I know a few of you want to see a "2nd LSL". I would say that if scheduled properly it would help me too. The westbound LSL schedule works well for me but the eastbound is tough as it gets back to NYP after 6pm (assuming it is on time) and that would mean getting back to TRE/PHL around 8-9pm which even during the summer is night time and I still have to get home. If there was an eastbound LSL that got back to NYP earlier before the rush hour it would be a much bigger asset to me. I really don't want to go via WAS after my last debacle with the CL route. NYP works better for me because you have unreserved NJT service to TRE while WAS-PHL/TRE you're at the mercy of Amtrak and the long line at WAS Union Station.

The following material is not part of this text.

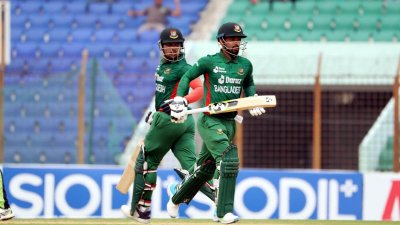 রনি তালুকদার-লিটন দাসের ওপেনিং জুটি আশা দেখাচ্ছে।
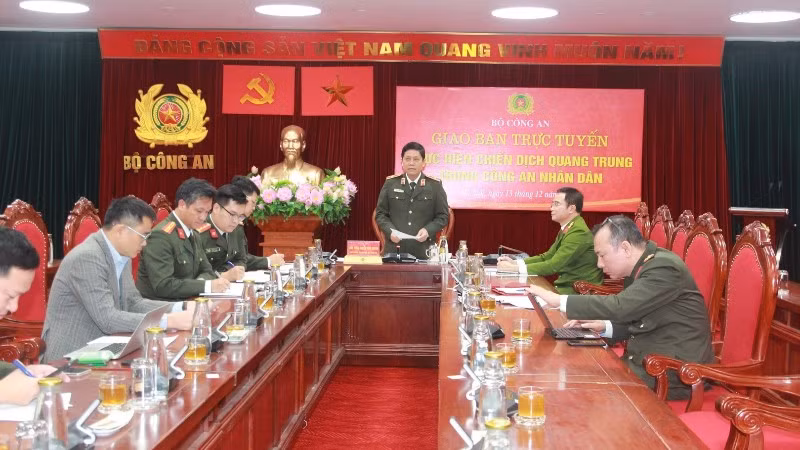 Thiếu tướng Nguyễn Hồng Nguyên chủ trì hội nghị.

*mentally adds this to the pitch for a second LSL*

OK, I'm beginning to see where I should focus my advocacy. ;)   Apparently I had a really good idea which would even help PhillyAmtrakFan.  Unfortunately I'm sick and can't travel much and find social activity exhausting, and it's a lot of shoe leather and conversation to pitch an idea to lots of people.

 

I ought to be able to get support in NYC, upstate NY, Ohio, and Chicago.  Not sure who to start with.  Probably ESPA, I guess; it's a damn pain in the neck to go to Schenectady so I hope some of them have email addresses.


Edited by neroden, 07 May 2017 - 11:03 AM.